▶ What is being asked:
The reply must contain exactly the lines below from the one with "Hello, this is" down to the one with "Ricardo volunteers to", both included, and nothing more; please omit the pictures.
--- Data listing Enclosed Below ---
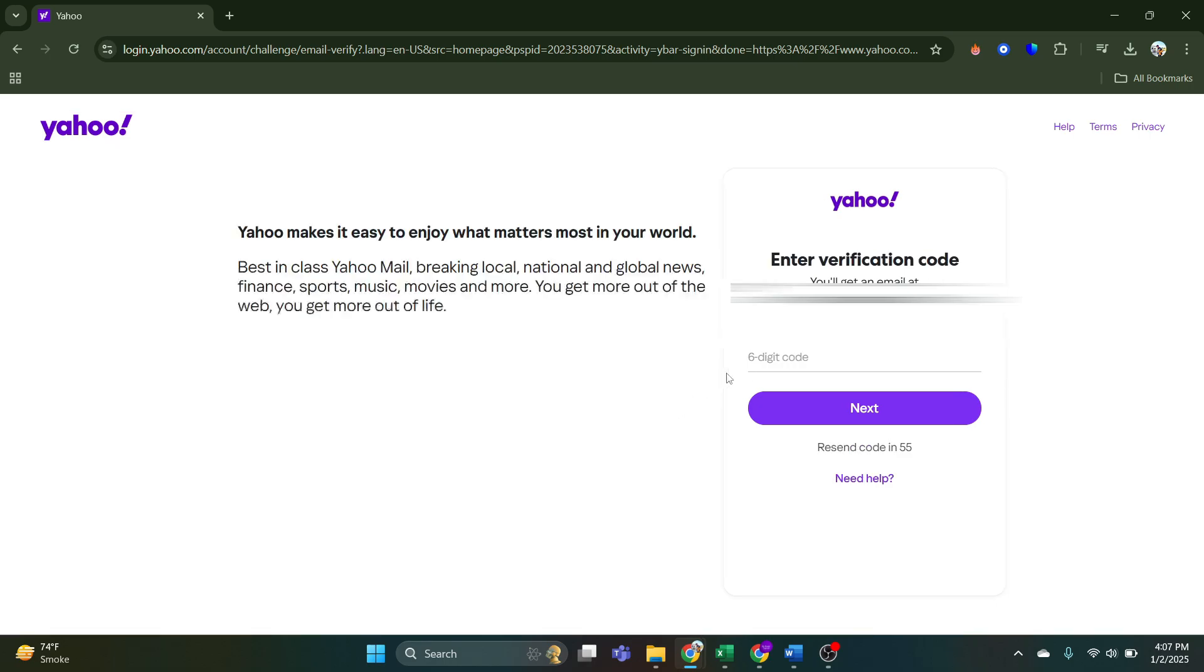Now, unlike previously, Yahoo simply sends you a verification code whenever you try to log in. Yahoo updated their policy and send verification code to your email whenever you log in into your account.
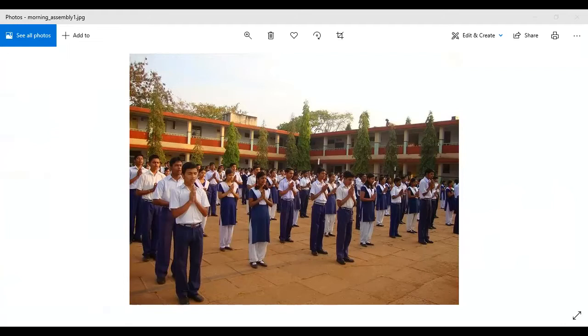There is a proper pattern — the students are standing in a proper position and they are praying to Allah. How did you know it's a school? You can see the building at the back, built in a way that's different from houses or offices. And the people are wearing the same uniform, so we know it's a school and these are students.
--- End of Enclosed Data listing ---
--- Data listing Enclosed Below ---
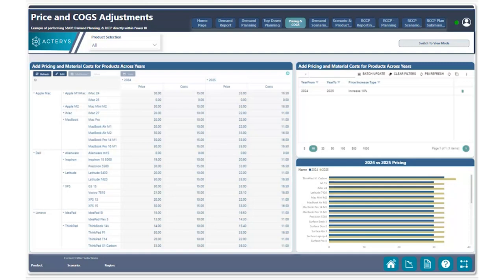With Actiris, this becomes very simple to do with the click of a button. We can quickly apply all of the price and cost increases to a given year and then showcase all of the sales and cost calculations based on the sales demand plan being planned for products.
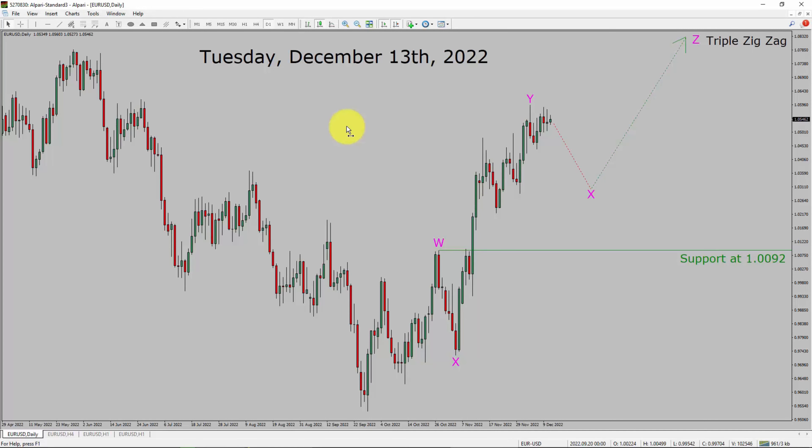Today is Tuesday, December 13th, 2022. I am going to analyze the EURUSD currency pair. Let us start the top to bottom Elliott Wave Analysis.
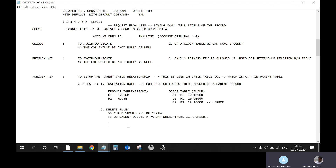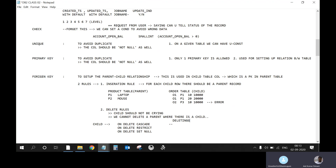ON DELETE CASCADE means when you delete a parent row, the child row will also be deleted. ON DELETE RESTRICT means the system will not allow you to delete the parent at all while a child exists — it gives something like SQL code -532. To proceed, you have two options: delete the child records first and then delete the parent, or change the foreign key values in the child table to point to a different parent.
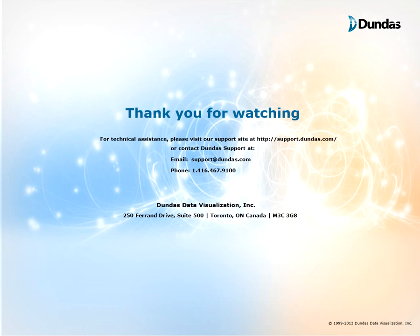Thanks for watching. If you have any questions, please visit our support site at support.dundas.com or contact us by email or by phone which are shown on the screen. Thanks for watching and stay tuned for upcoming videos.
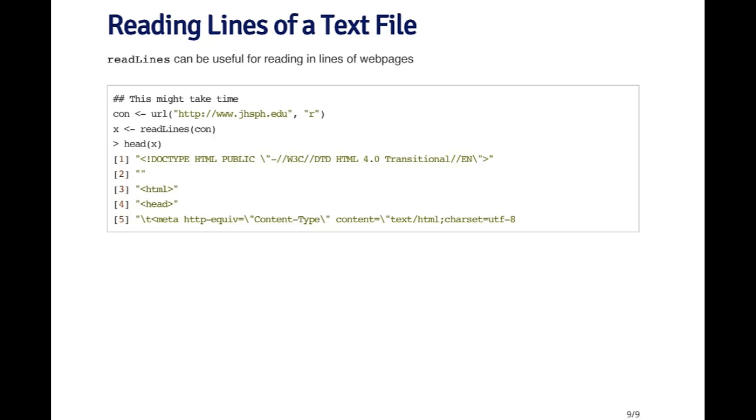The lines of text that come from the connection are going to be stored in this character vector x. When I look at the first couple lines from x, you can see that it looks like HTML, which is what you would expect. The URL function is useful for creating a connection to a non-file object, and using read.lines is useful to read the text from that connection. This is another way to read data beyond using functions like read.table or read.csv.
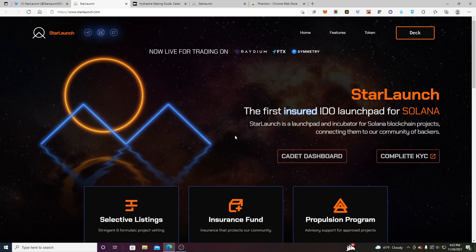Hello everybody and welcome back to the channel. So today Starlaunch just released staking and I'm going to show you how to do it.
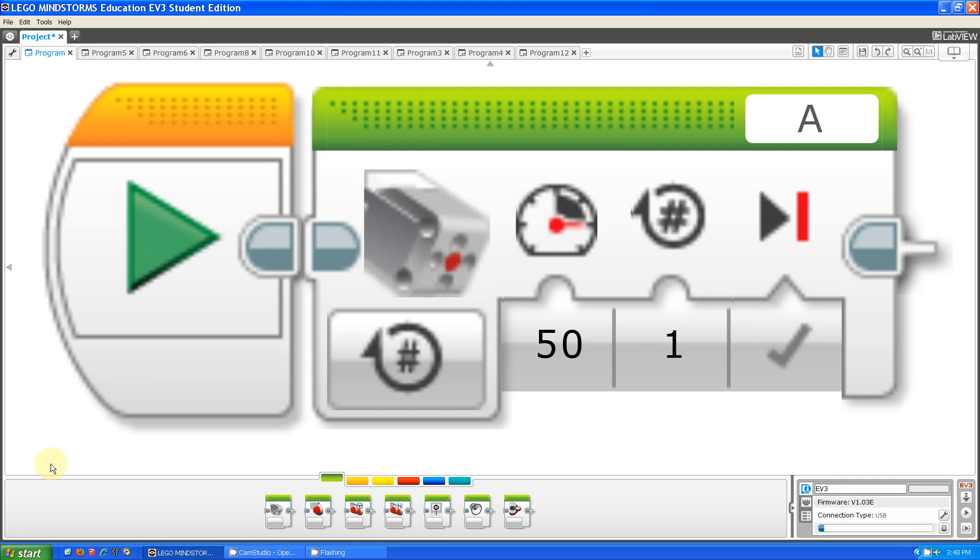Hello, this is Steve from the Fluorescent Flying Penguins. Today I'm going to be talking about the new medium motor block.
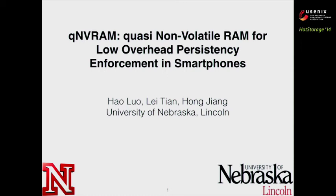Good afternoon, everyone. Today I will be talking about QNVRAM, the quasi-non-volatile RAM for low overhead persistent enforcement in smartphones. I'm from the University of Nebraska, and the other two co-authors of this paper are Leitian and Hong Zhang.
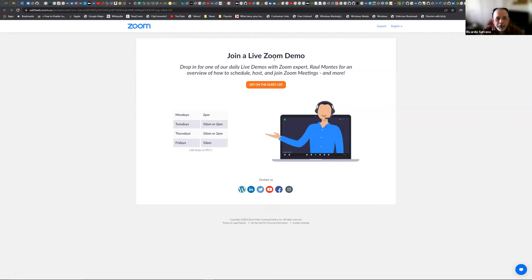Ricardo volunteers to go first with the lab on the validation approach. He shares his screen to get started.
--- End of Enclosed Data listing ---
▶ Finished exercise:
Hello, this is Steve from the Fluorescent Flying Penguins. Today I'm going to be talking about the new medium motor block.
Good afternoon, everyone. Today I will be talking about QNVRAM, the quasi-non-volatile RAM for low overhead persistent enforcement in smartphones. I'm from the University of Nebraska, and the other two co-authors of this paper are Leitian and Hong Zhang.
Ricardo volunteers to go first with the lab on the validation approach. He shares his screen to get started.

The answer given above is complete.